2. This test method provides data for determining consolidated undrained shear strength properties (Ccu&φcu) and stress-strain relations for soils.
THEORY
The triaxial compression test is a procedure that permits different horizontal and vertical stresses to be applied to the soil specimen simultaneously and thus closely duplicate the expected field conditions.
Usually the principle change in stress experienced by soil is a change in vertical stress due to the construction of a building, highway, airport, bridge, dam or other structure on the surface above the supporting soil.
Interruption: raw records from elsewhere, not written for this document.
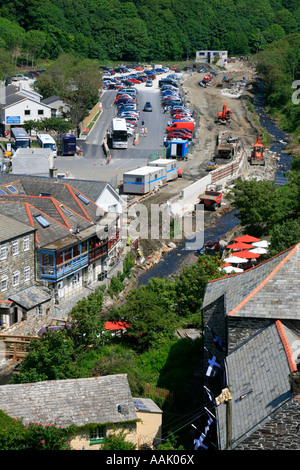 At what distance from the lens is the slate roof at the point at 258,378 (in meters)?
24.2

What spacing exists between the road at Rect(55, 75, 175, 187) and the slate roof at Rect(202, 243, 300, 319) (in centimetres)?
4610

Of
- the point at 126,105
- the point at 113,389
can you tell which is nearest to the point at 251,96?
the point at 126,105

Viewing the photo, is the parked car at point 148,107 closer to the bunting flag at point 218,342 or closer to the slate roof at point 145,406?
the bunting flag at point 218,342

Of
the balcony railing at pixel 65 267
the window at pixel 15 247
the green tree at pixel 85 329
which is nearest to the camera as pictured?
the green tree at pixel 85 329

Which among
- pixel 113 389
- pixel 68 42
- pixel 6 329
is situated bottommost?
pixel 6 329

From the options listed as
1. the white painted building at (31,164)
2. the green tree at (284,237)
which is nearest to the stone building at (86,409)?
the green tree at (284,237)

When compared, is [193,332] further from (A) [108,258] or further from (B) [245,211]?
(B) [245,211]

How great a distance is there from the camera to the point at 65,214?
5628 centimetres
Consequently, it would be logical to test the soil specimen in a configuration that permits the specimen to be placed in the testing device and loaded in a manner that duplicates what will happen in the fluid. The vertical load being applied to the soil specimen causes it to feel a vertical stress that is increasingly larger than the confining pressure. This increase in vertical pressure is called the deviator stress (σ).when the deviator stress is being applied, (ϕ1), the major principle stress is no longer equal to (ϕ3) thus (ϕ1) now becomes ϕ1 = ϕ3+ σ
The length diameter ratio of the test specimen should be large enough to avoid interference of potential 45 degree failure planes and short enough that we do not obtain a column failure. The length diameter ratio to satisfy this criterion is 2< L/d<3
It is conventional practice in soil mechanics to correct the area on which the load “P” is acting. The original area Aₒ
Is corrected by considering that the total volume of the soil is unchanged. The initial total soil sample volume is (Vt = Aₒ Lₒ) Eq.a, but for some change in specimen length of ΔLVt = A (Lₒ- ΔL) Eq.2
Equating Eqs. (a) And (b), cancelling terms and solving for the corrected area A, we obtain. A’ = (Aₒ/1-є)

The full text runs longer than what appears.